About this exercise: When a picture appears among the records, leave it out, and copy all else exactly.
Start of Exercise input
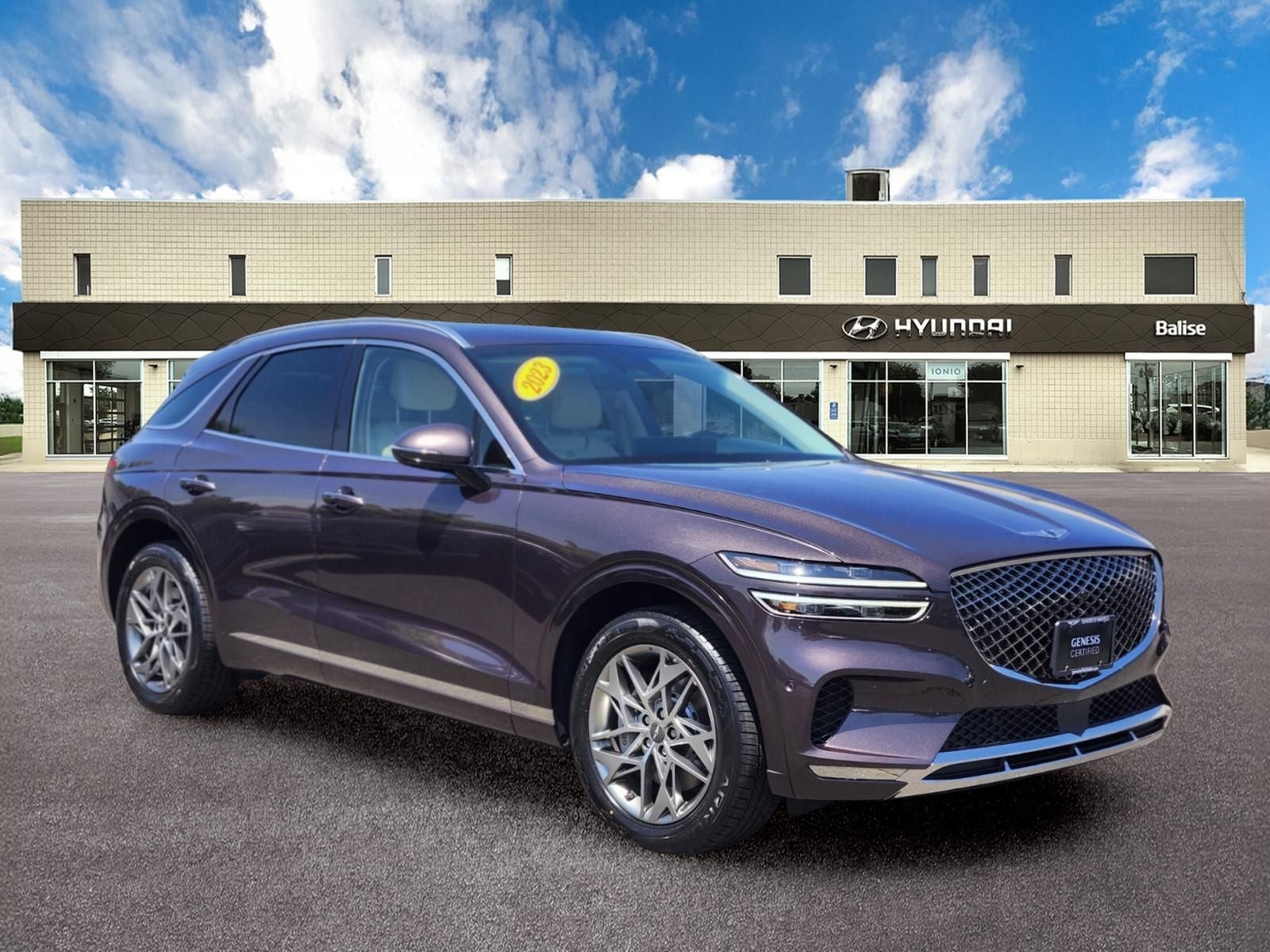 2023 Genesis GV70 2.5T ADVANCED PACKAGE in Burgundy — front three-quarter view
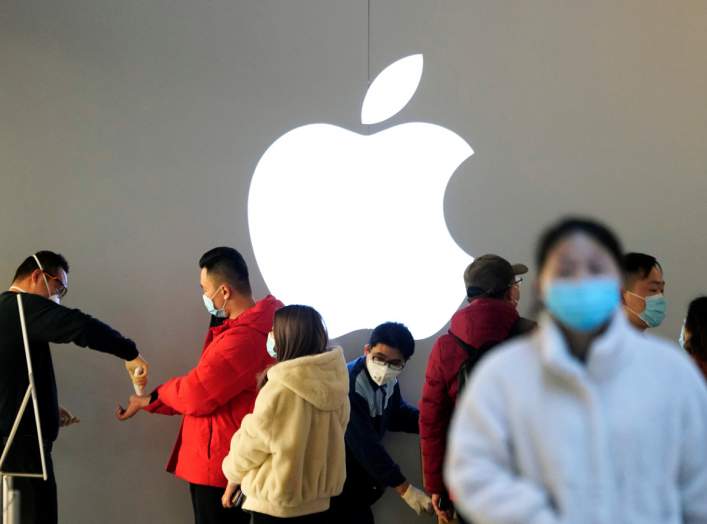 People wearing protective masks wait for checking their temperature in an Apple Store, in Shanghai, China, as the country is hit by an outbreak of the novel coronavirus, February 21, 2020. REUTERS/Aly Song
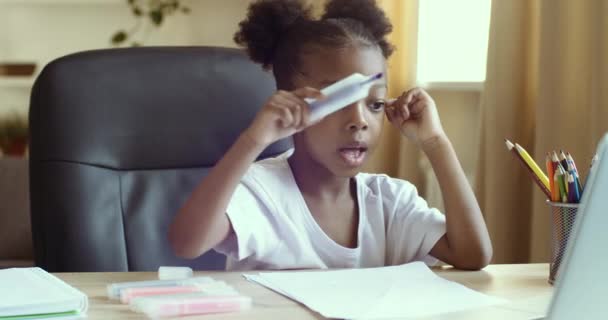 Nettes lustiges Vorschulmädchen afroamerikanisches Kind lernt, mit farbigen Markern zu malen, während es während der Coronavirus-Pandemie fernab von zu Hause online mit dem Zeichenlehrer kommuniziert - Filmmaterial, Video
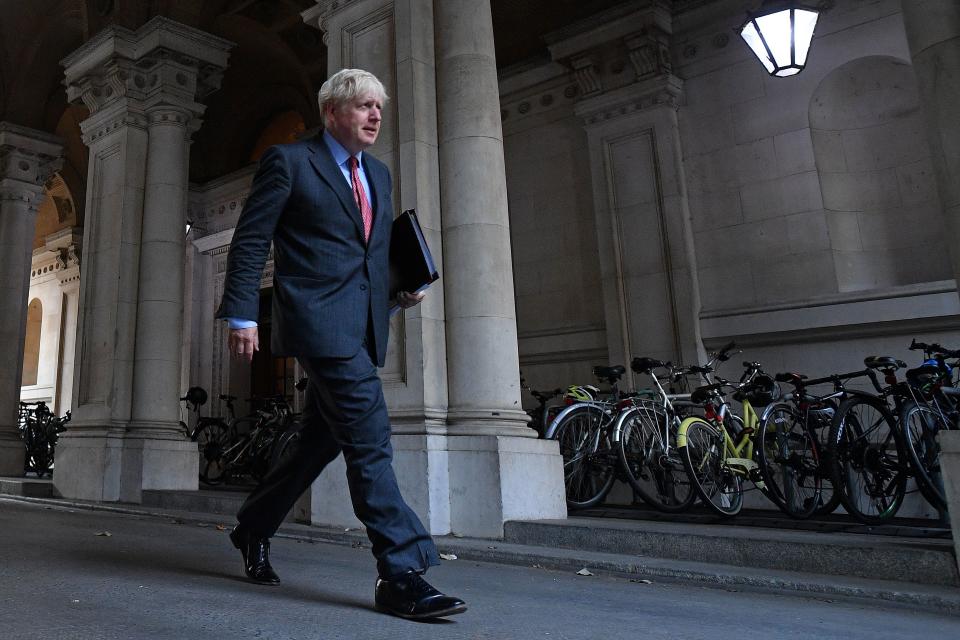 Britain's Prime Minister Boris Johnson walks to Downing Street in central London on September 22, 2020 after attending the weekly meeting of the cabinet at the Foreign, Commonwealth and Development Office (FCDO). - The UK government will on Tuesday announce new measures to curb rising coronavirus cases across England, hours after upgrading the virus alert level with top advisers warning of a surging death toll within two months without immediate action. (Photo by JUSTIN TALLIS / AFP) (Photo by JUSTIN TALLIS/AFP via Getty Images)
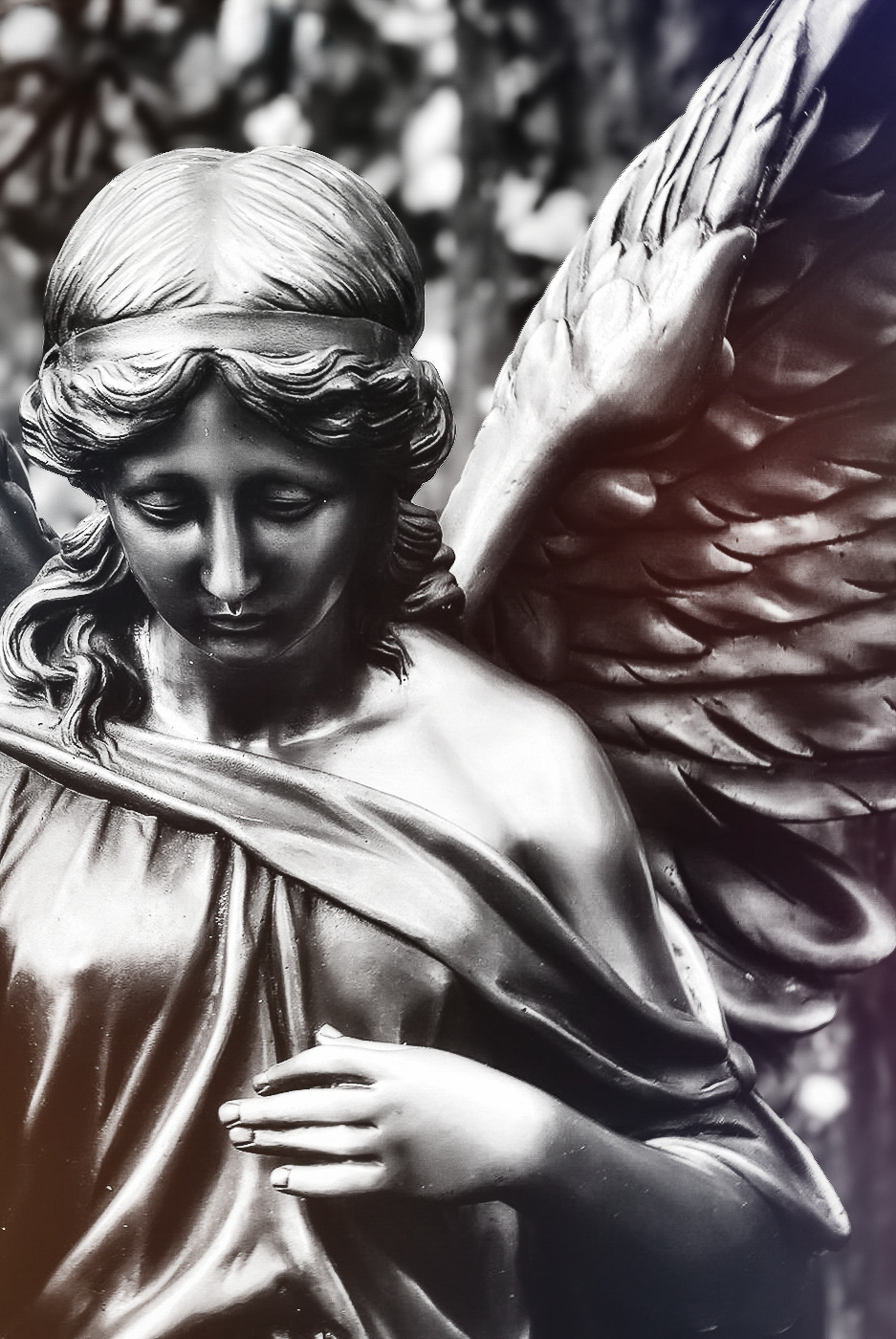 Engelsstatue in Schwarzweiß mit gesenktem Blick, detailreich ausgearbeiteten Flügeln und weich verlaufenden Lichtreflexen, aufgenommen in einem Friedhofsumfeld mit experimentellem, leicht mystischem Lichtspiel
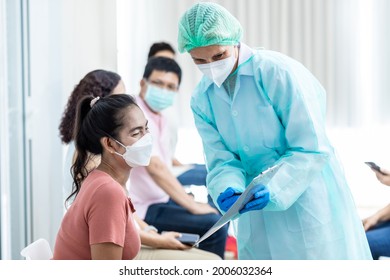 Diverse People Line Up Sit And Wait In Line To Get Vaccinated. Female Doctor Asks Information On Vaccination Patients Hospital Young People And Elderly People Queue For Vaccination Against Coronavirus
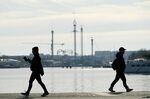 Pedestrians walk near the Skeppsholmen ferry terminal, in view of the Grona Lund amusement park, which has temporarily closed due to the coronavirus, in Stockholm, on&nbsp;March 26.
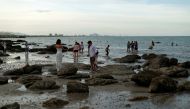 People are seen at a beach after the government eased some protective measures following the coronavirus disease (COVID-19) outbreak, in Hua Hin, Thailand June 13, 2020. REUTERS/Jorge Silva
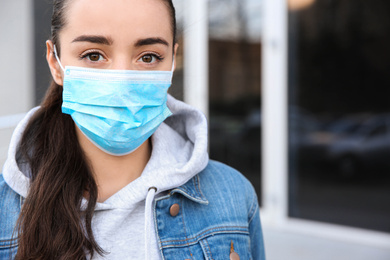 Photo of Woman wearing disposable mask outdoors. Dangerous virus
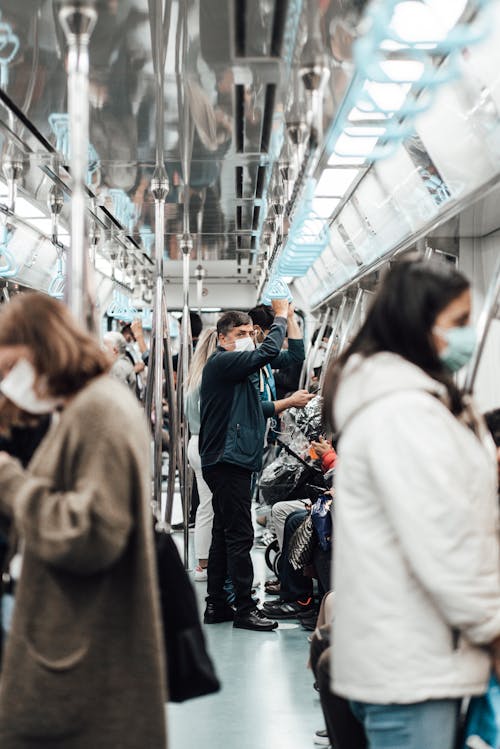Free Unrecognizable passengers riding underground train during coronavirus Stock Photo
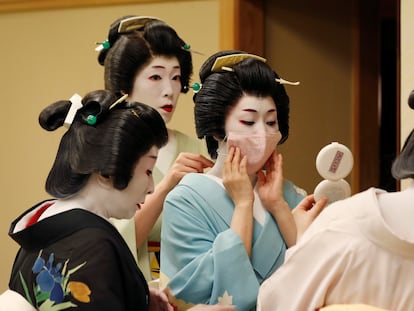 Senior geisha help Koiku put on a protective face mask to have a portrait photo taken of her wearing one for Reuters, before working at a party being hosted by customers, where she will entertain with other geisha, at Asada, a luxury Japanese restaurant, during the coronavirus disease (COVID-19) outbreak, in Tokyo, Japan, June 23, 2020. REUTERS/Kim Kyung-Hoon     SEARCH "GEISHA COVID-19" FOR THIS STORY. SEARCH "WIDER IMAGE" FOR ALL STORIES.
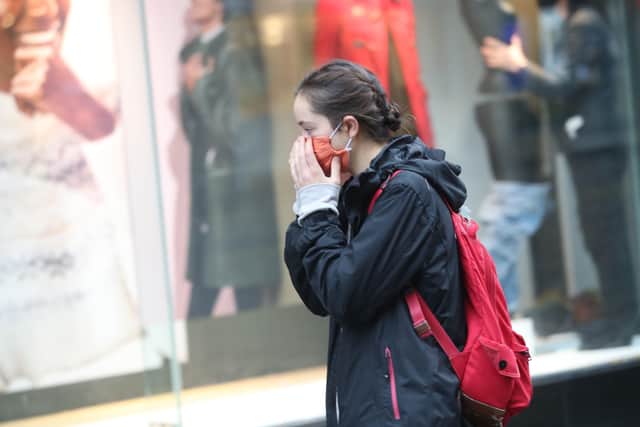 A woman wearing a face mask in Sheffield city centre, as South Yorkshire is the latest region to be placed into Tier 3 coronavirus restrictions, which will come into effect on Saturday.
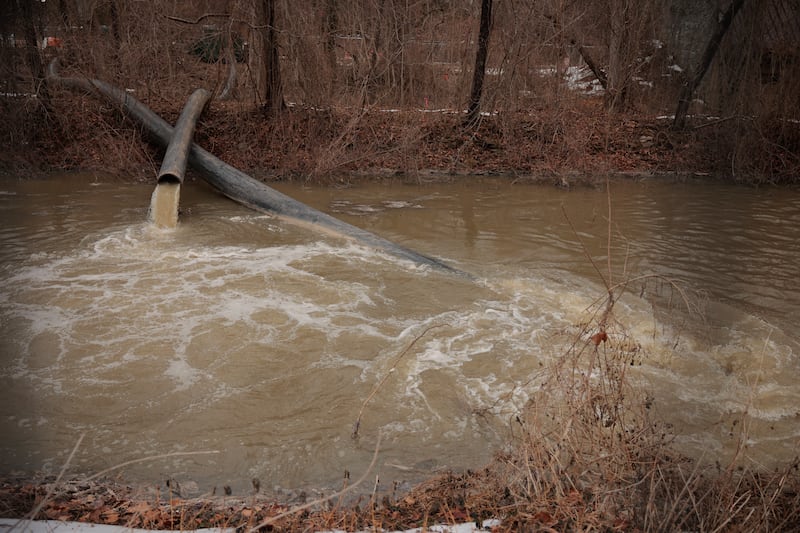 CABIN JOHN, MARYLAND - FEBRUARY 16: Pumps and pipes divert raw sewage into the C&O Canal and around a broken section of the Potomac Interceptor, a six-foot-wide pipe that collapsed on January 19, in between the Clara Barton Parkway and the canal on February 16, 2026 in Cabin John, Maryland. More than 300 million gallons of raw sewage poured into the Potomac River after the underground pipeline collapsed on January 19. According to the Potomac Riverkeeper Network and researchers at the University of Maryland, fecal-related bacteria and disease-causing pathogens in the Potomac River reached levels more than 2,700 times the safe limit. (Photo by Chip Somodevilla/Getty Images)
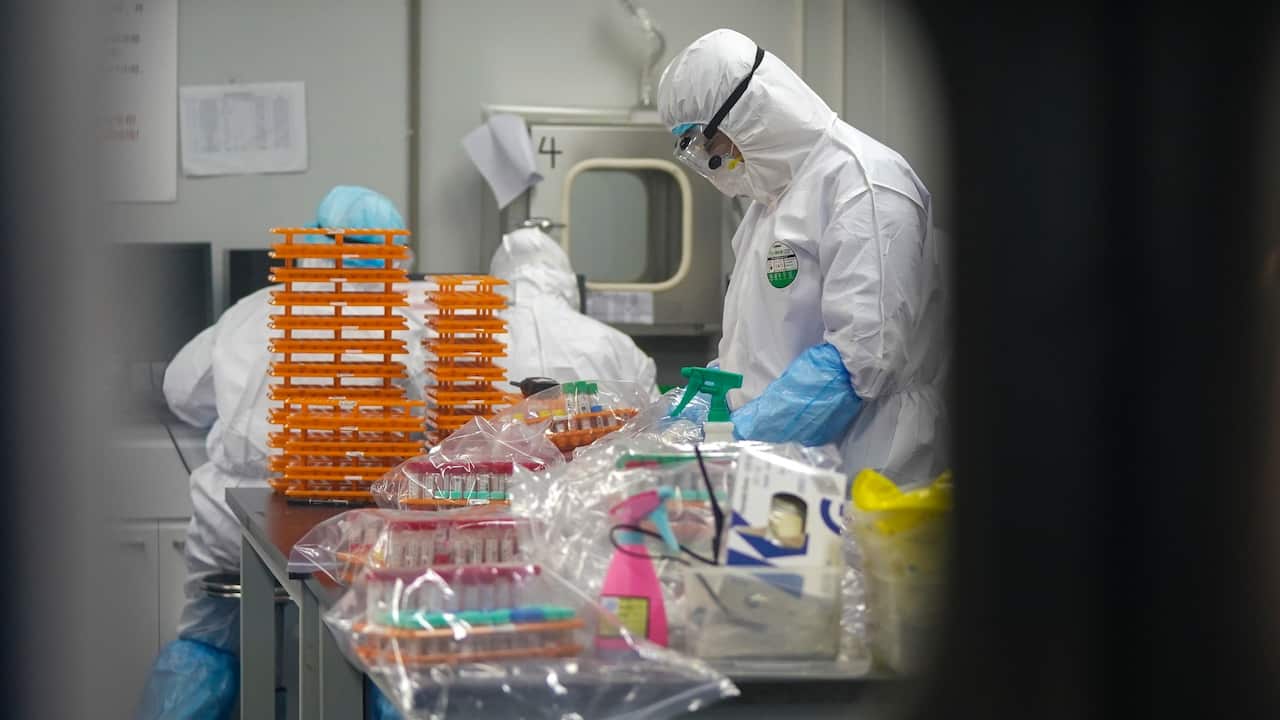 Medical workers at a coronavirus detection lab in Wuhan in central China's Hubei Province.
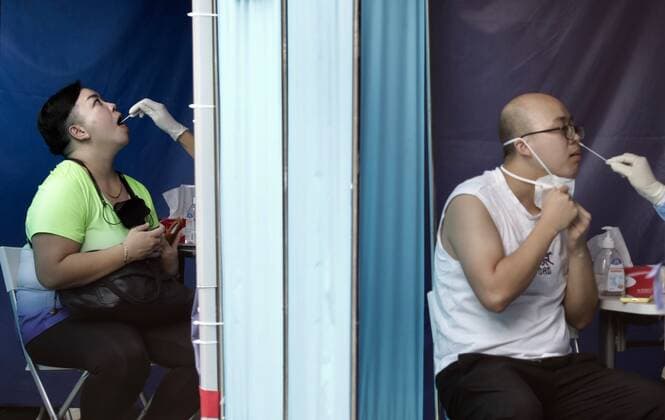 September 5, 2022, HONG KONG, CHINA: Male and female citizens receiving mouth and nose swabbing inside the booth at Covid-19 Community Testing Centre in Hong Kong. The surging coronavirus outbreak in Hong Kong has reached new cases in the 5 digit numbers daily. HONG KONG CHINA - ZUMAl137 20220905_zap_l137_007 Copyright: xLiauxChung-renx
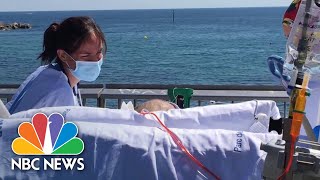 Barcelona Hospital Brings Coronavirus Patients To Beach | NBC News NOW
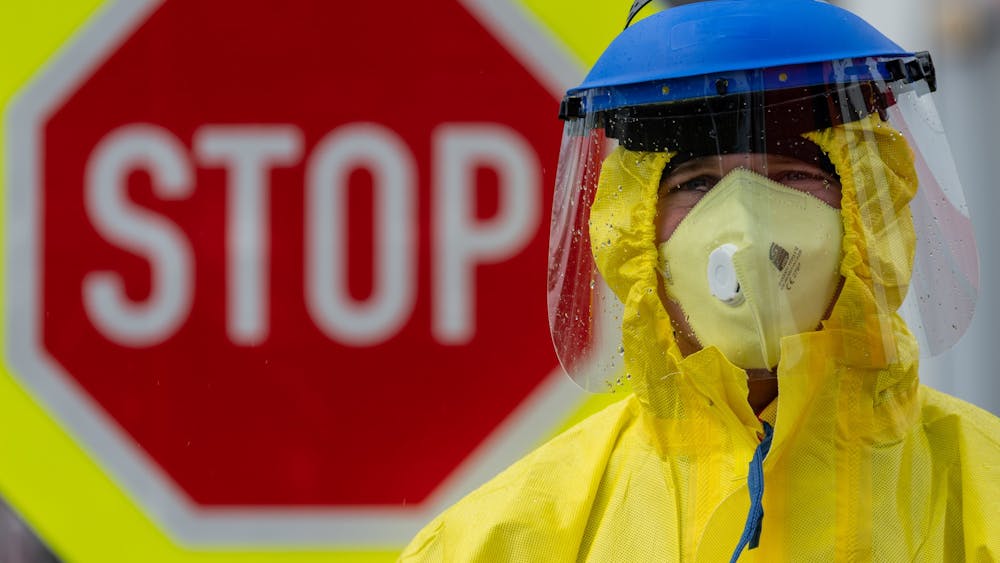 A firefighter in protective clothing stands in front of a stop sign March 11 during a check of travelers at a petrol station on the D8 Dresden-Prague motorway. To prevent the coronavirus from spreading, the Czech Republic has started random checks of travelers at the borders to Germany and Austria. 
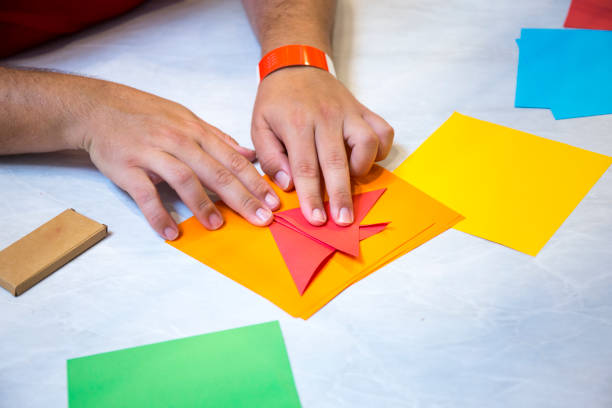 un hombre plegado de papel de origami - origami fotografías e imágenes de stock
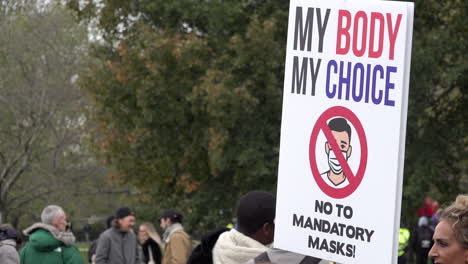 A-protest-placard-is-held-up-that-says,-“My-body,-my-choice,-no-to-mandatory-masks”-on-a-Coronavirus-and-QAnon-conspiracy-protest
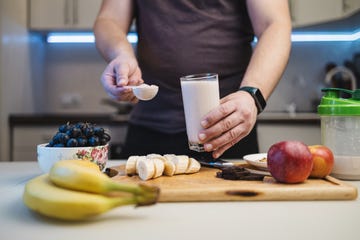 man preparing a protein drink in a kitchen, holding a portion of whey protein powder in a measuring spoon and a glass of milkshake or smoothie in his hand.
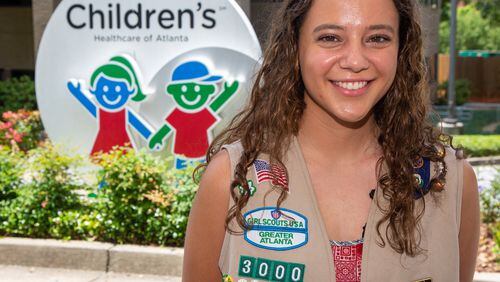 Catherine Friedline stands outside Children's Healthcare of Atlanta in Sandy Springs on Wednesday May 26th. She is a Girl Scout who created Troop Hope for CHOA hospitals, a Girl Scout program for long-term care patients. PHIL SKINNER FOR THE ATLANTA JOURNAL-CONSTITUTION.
End of Exercise input
Answer section:
 2023 Genesis GV70 2.5T ADVANCED PACKAGE in Burgundy — front three-quarter view
 People wearing protective masks wait for checking their temperature in an Apple Store, in Shanghai, China, as the country is hit by an outbreak of the novel coronavirus, February 21, 2020. REUTERS/Aly Song
 Nettes lustiges Vorschulmädchen afroamerikanisches Kind lernt, mit farbigen Markern zu malen, während es während der Coronavirus-Pandemie fernab von zu Hause online mit dem Zeichenlehrer kommuniziert - Filmmaterial, Video
 Britain's Prime Minister Boris Johnson walks to Downing Street in central London on September 22, 2020 after attending the weekly meeting of the cabinet at the Foreign, Commonwealth and Development Office (FCDO). - The UK government will on Tuesday announce new measures to curb rising coronavirus cases across England, hours after upgrading the virus alert level with top advisers warning of a surging death toll within two months without immediate action. (Photo by JUSTIN TALLIS / AFP) (Photo by JUSTIN TALLIS/AFP via Getty Images)
 Engelsstatue in Schwarzweiß mit gesenktem Blick, detailreich ausgearbeiteten Flügeln und weich verlaufenden Lichtreflexen, aufgenommen in einem Friedhofsumfeld mit experimentellem, leicht mystischem Lichtspiel
 Diverse People Line Up Sit And Wait In Line To Get Vaccinated. Female Doctor Asks Information On Vaccination Patients Hospital Young People And Elderly People Queue For Vaccination Against Coronavirus
 Pedestrians walk near the Skeppsholmen ferry terminal, in view of the Grona Lund amusement park, which has temporarily closed due to the coronavirus, in Stockholm, on&nbsp;March 26.
 People are seen at a beach after the government eased some protective measures following the coronavirus disease (COVID-19) outbreak, in Hua Hin, Thailand June 13, 2020. REUTERS/Jorge Silva
 Photo of Woman wearing disposable mask outdoors. Dangerous virus
Free Unrecognizable passengers riding underground train during coronavirus Stock Photo
 Senior geisha help Koiku put on a protective face mask to have a portrait photo taken of her wearing one for Reuters, before working at a party being hosted by customers, where she will entertain with other geisha, at Asada, a luxury Japanese restaurant, during the coronavirus disease (COVID-19) outbreak, in Tokyo, Japan, June 23, 2020. REUTERS/Kim Kyung-Hoon     SEARCH "GEISHA COVID-19" FOR THIS STORY. SEARCH "WIDER IMAGE" FOR ALL STORIES.
 A woman wearing a face mask in Sheffield city centre, as South Yorkshire is the latest region to be placed into Tier 3 coronavirus restrictions, which will come into effect on Saturday.
 CABIN JOHN, MARYLAND - FEBRUARY 16: Pumps and pipes divert raw sewage into the C&O Canal and around a broken section of the Potomac Interceptor, a six-foot-wide pipe that collapsed on January 19, in between the Clara Barton Parkway and the canal on February 16, 2026 in Cabin John, Maryland. More than 300 million gallons of raw sewage poured into the Potomac River after the underground pipeline collapsed on January 19. According to the Potomac Riverkeeper Network and researchers at the University of Maryland, fecal-related bacteria and disease-causing pathogens in the Potomac River reached levels more than 2,700 times the safe limit. (Photo by Chip Somodevilla/Getty Images)
 Medical workers at a coronavirus detection lab in Wuhan in central China's Hubei Province.
 September 5, 2022, HONG KONG, CHINA: Male and female citizens receiving mouth and nose swabbing inside the booth at Covid-19 Community Testing Centre in Hong Kong. The surging coronavirus outbreak in Hong Kong has reached new cases in the 5 digit numbers daily. HONG KONG CHINA - ZUMAl137 20220905_zap_l137_007 Copyright: xLiauxChung-renx
 Barcelona Hospital Brings Coronavirus Patients To Beach | NBC News NOW
 A firefighter in protective clothing stands in front of a stop sign March 11 during a check of travelers at a petrol station on the D8 Dresden-Prague motorway. To prevent the coronavirus from spreading, the Czech Republic has started random checks of travelers at the borders to Germany and Austria. 
 un hombre plegado de papel de origami - origami fotografías e imágenes de stock
 A-protest-placard-is-held-up-that-says,-“My-body,-my-choice,-no-to-mandatory-masks”-on-a-Coronavirus-and-QAnon-conspiracy-protest
 man preparing a protein drink in a kitchen, holding a portion of whey protein powder in a measuring spoon and a glass of milkshake or smoothie in his hand.
 Catherine Friedline stands outside Children's Healthcare of Atlanta in Sandy Springs on Wednesday May 26th. She is a Girl Scout who created Troop Hope for CHOA hospitals, a Girl Scout program for long-term care patients. PHIL SKINNER FOR THE ATLANTA JOURNAL-CONSTITUTION.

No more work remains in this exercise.